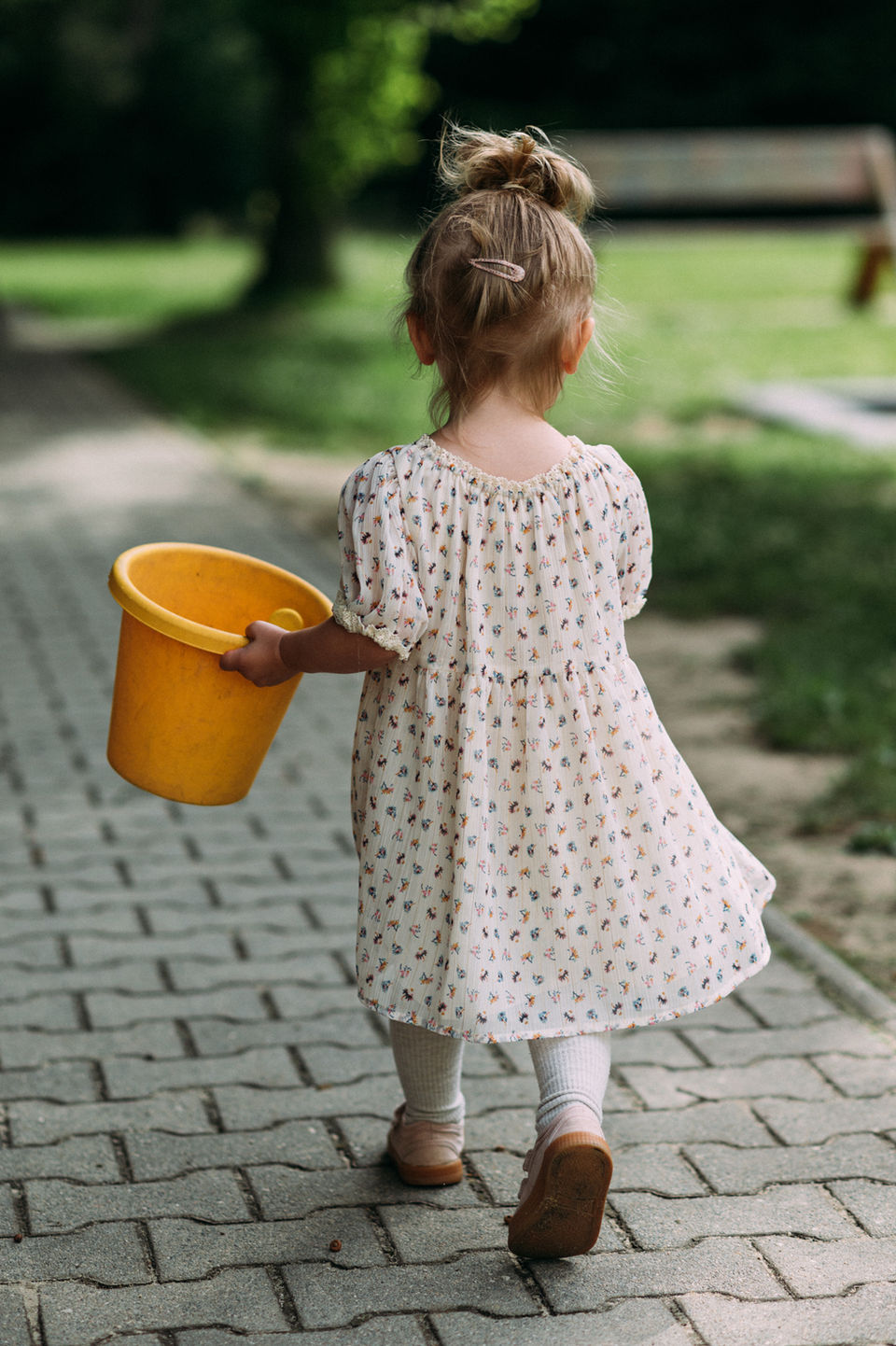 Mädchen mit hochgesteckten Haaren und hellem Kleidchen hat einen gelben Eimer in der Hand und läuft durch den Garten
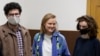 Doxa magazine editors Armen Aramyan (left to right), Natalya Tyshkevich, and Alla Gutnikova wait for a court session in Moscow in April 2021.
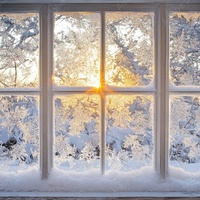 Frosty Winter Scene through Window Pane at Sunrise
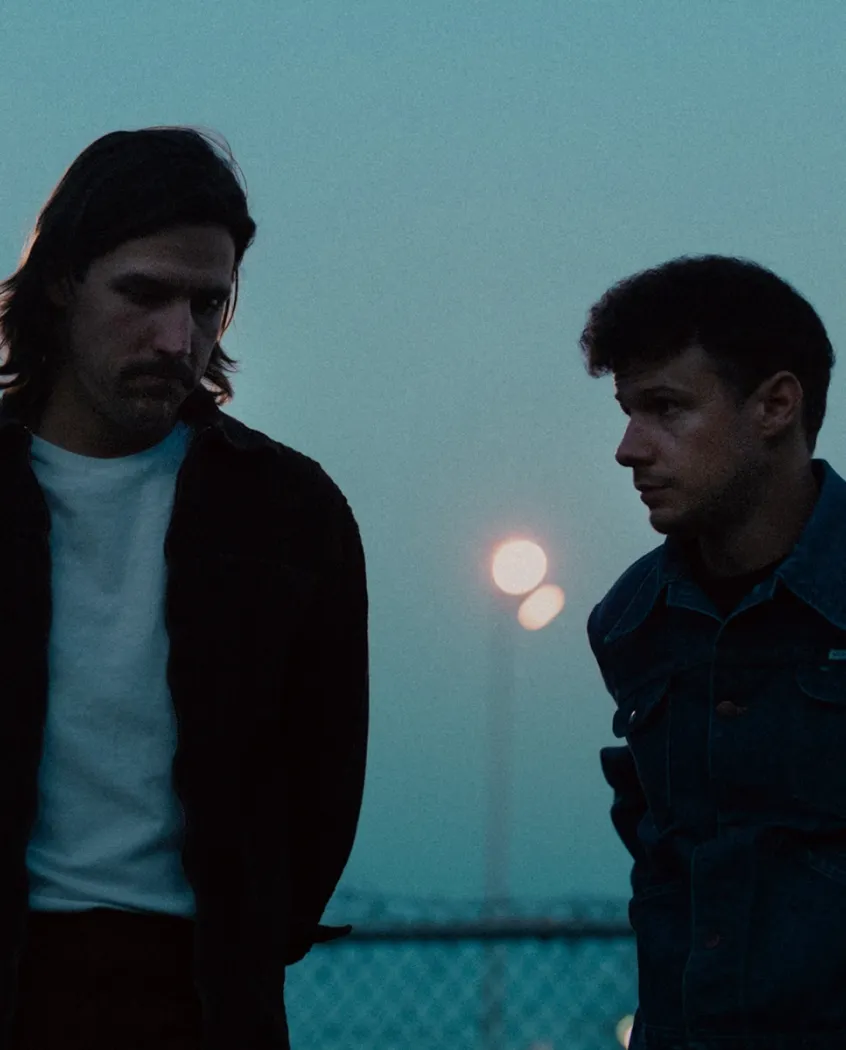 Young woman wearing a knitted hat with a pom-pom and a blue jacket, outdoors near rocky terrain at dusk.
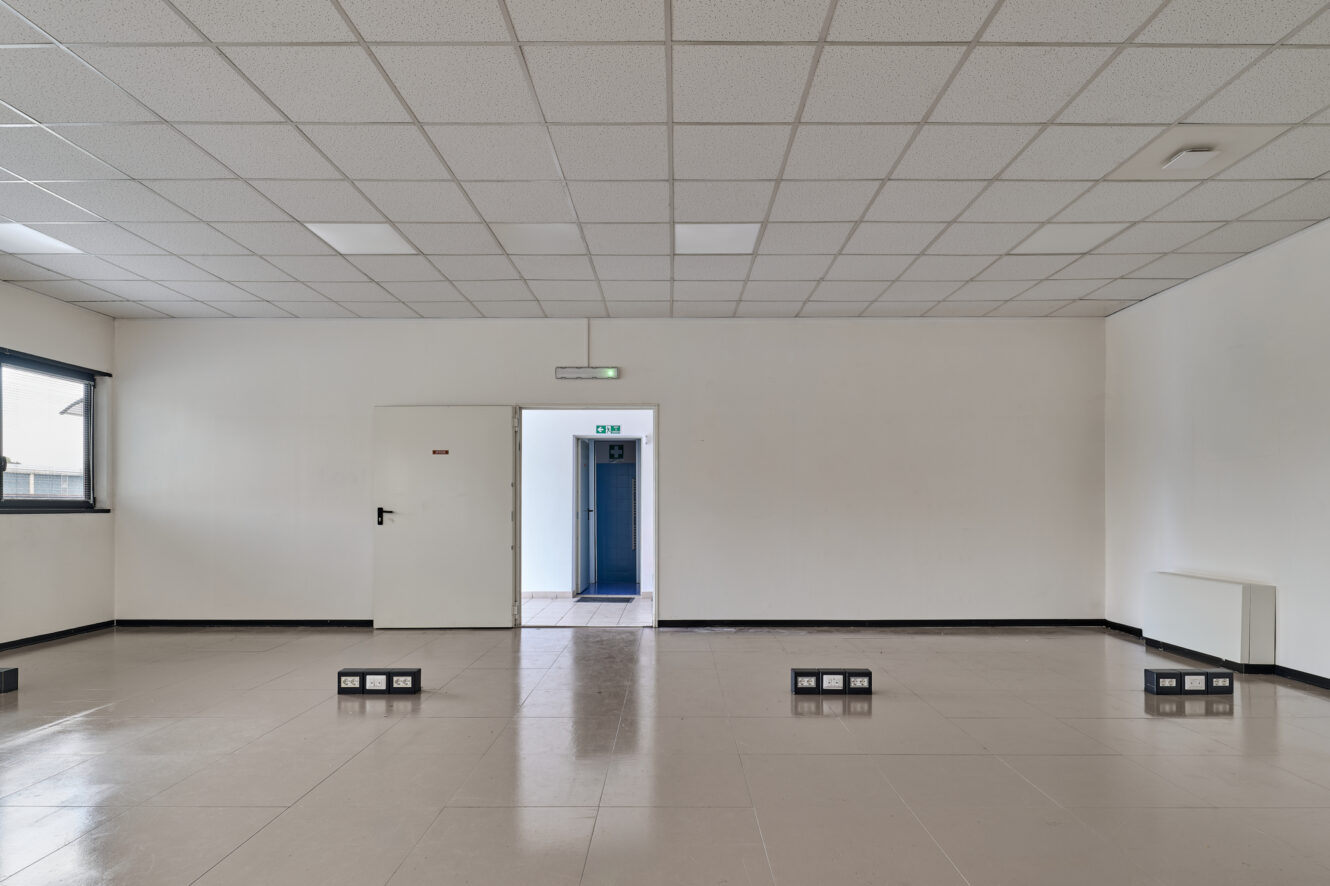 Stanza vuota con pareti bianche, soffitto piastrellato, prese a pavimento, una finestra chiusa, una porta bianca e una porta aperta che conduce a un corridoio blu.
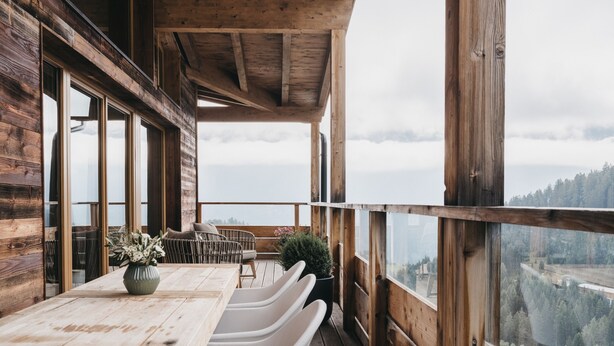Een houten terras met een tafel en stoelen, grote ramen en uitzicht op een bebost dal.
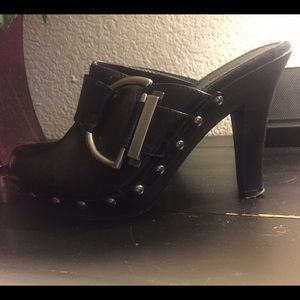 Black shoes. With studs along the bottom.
*-*-*
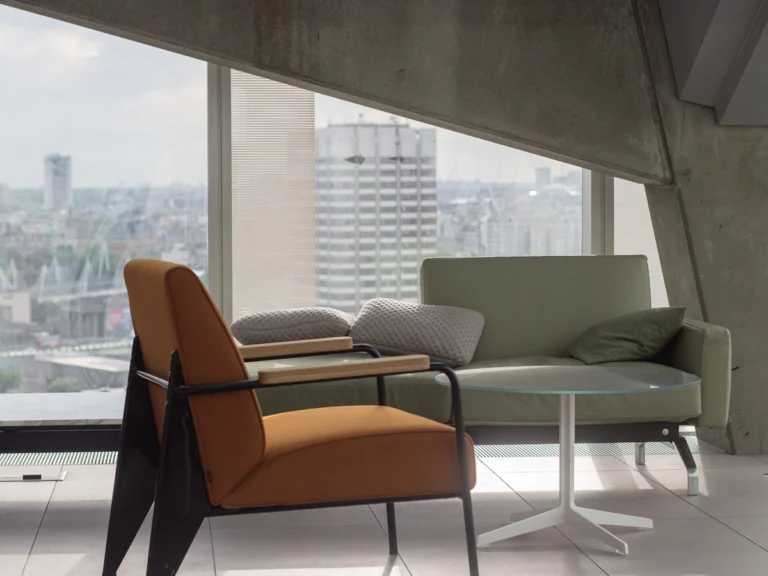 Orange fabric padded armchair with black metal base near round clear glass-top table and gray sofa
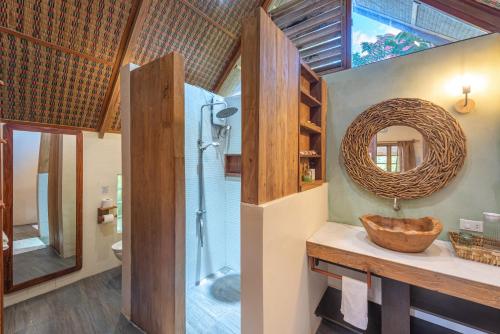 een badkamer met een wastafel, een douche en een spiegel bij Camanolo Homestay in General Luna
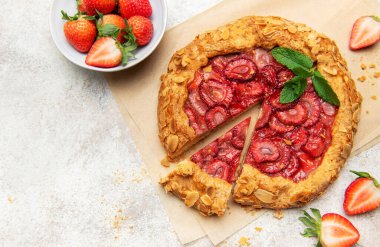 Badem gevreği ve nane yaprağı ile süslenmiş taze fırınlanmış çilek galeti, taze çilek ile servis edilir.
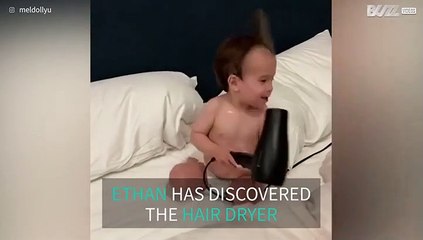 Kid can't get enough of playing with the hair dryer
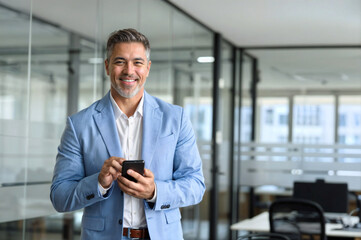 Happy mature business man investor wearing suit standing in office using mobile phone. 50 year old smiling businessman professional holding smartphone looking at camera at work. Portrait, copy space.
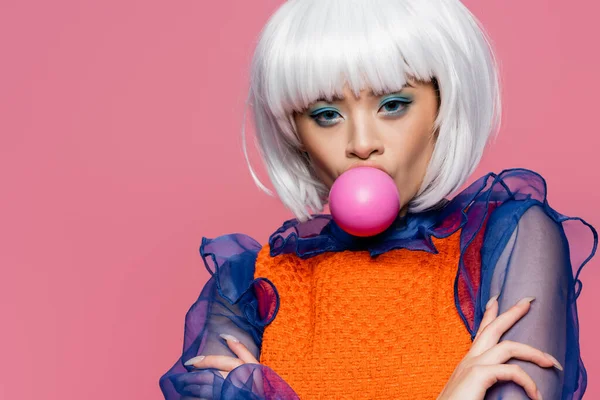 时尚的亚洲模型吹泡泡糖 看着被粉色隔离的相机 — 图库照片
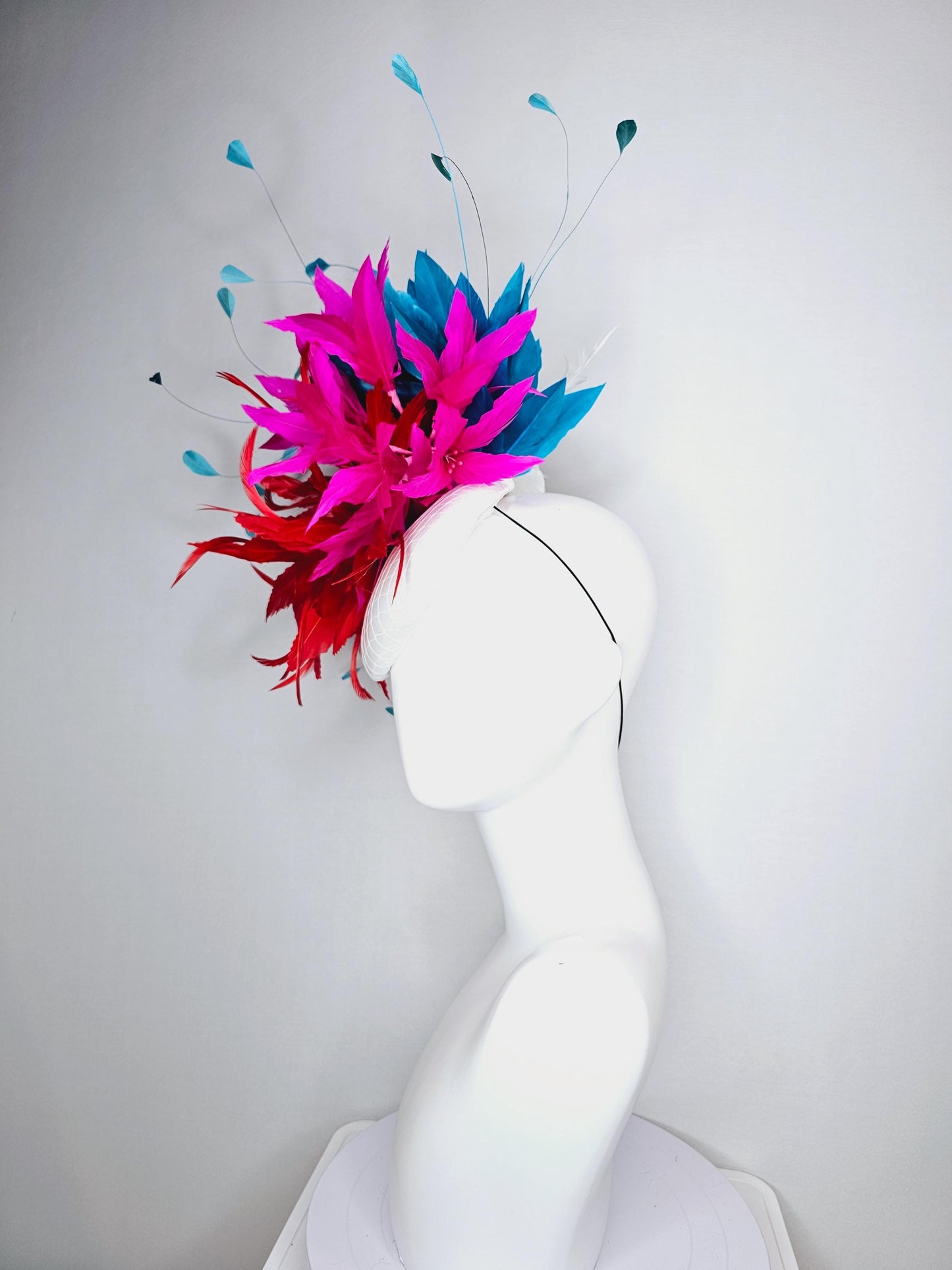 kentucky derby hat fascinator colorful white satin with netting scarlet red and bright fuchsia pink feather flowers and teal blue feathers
*-*-*
Task brief.
Return exactly the lines above, from the one with "Doxa magazine editors" up to and including the one with "Black shoes. With studs along the bottom.", and include no pictures.

Answer for this exercise.
 Doxa magazine editors Armen Aramyan (left to right), Natalya Tyshkevich, and Alla Gutnikova wait for a court session in Moscow in April 2021.
 Frosty Winter Scene through Window Pane at Sunrise
 Young woman wearing a knitted hat with a pom-pom and a blue jacket, outdoors near rocky terrain at dusk.
 Stanza vuota con pareti bianche, soffitto piastrellato, prese a pavimento, una finestra chiusa, una porta bianca e una porta aperta che conduce a un corridoio blu.
Een houten terras met een tafel en stoelen, grote ramen en uitzicht op een bebost dal.
 Black shoes. With studs along the bottom.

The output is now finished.